» **Assignment**
Below this line is the material. Write out only its lines from the one containing "Brixworth 4 Seater" through the one containing "World Imports ES5959OB4", both kept, exactly.

» **Excerpted records**

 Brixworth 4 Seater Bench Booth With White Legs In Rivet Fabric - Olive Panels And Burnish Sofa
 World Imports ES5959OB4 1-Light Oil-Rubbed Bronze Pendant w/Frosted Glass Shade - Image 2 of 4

...

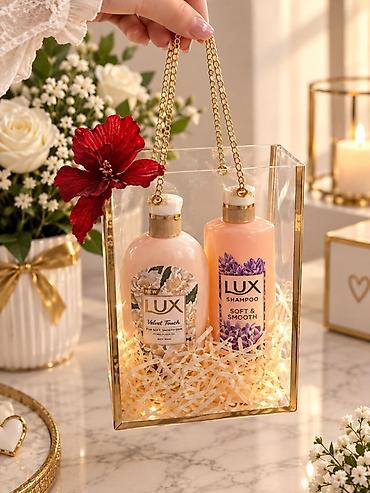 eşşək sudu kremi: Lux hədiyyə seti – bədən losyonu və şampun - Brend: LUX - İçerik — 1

---

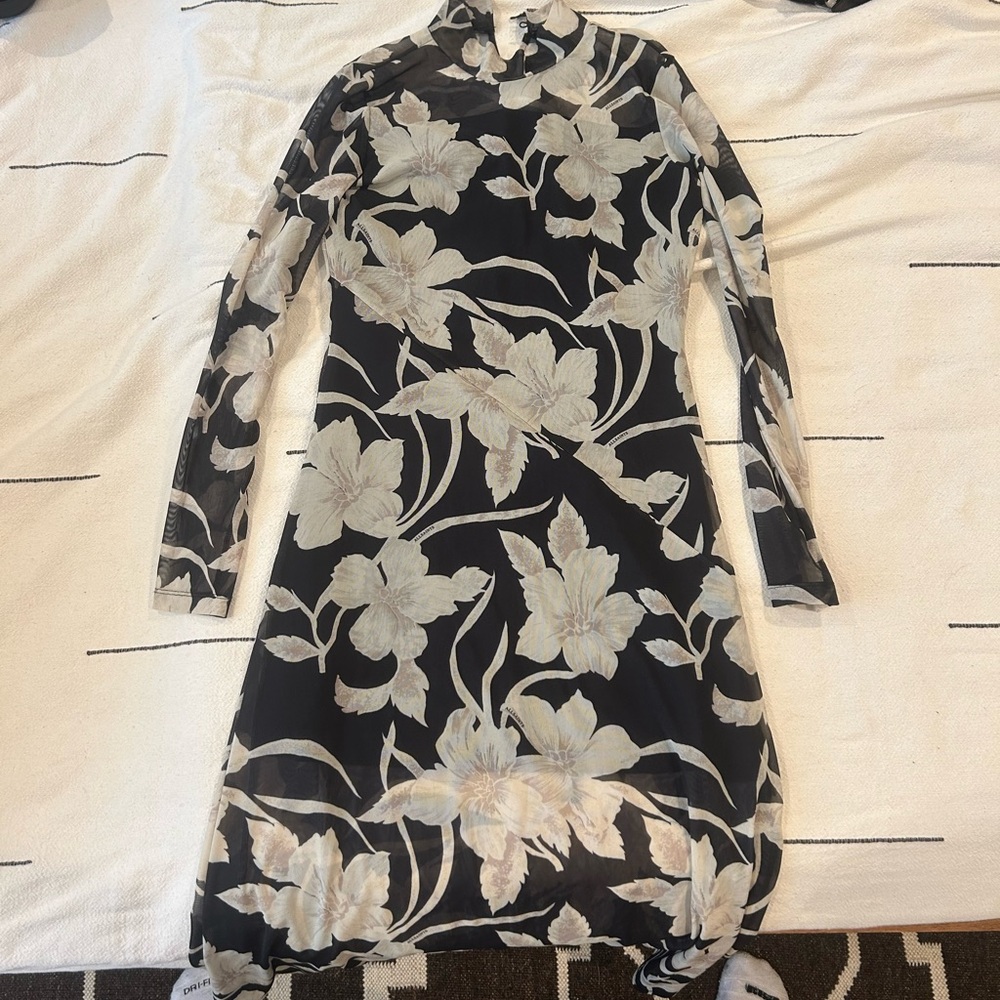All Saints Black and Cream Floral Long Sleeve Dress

» **Response area**
 Brixworth 4 Seater Bench Booth With White Legs In Rivet Fabric - Olive Panels And Burnish Sofa
 World Imports ES5959OB4 1-Light Oil-Rubbed Bronze Pendant w/Frosted Glass Shade - Image 2 of 4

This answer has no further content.